Un attentat tue huit enfants à Kandahar

Kandahar — Douze personnes au moins, dont huit écoliers qui rentraient chez eux, ont été tuées et plus de cinquante autres blessées par une puissante explosion qui a détruit un camion, hier en milieu de journée, à Kandahar, dans le sud de l'Afghanistan.

L'explosion, que les autorités ont qualifiée d'«acte de terrorisme», a eu lieu deux jours après l'adoption à Kaboul d'une nouvelle Constitution censée favoriser le redressement de ce pays qui a connu près de 25 ans d'effusions de sang. Un journaliste de Reuters a vu sur place les corps de trois jeunes gens. Le secteur était couvert de mares de sang, de chaussures et de débris. «Il y a d'abord eu une petite explosion qui a blessé un enfant, a dit un témoin, Gulalaï. Et quand les gens se sont précipités pour aider l'enfant, la grosse explosion a eu lieu.»

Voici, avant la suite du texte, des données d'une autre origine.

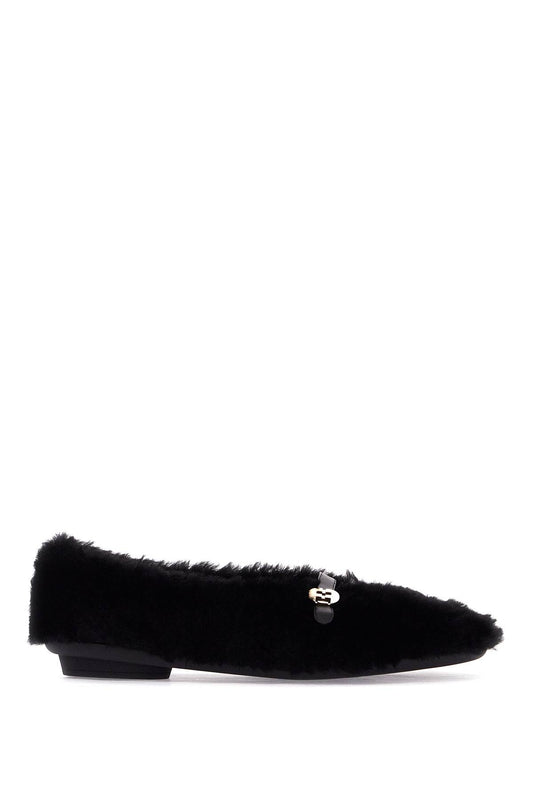 shearling ballet flats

Le président Hamid Karzaï a condamné un «acte de cruauté et de barbarie» en faisant savoir qu'il ne faisait que renforcer sa détermination à combattre le terrorisme en Afghanistan. Selon un communiqué de la présidence, huit enfants au moins figurent parmi les morts et 58 personnes ont été blessées.

Le général Abdul Wasi, porte-parole des forces armées dans la province de Kandahar, a fait état de 12 morts et de 45 blessés, mais la télévision nationale de Kaboul a ensuite annoncé que le bilan était passé à 16 morts et 52 blessés.

L'attentat a immédiatement fait soupçonner les rescapés du régime des talibans, mais un porte-parole du mouvement islamiste a nié toute implication des intégristes musulmans.

Dans un hôpital, des médecins soignaient au moins 29 personnes. Ils ont dit que les victimes étaient surtout des enfants âgés de sept à quinze ans.

Un homme soupçonné d'avoir coordonné la double explosion a été arrêté, a fait savoir le commandant Khan Mohammed Khan, commandant du corps d'armée de Kandahar. Une cinquantaine de soldats afghans et américains ont rapidement bouclé le secteur.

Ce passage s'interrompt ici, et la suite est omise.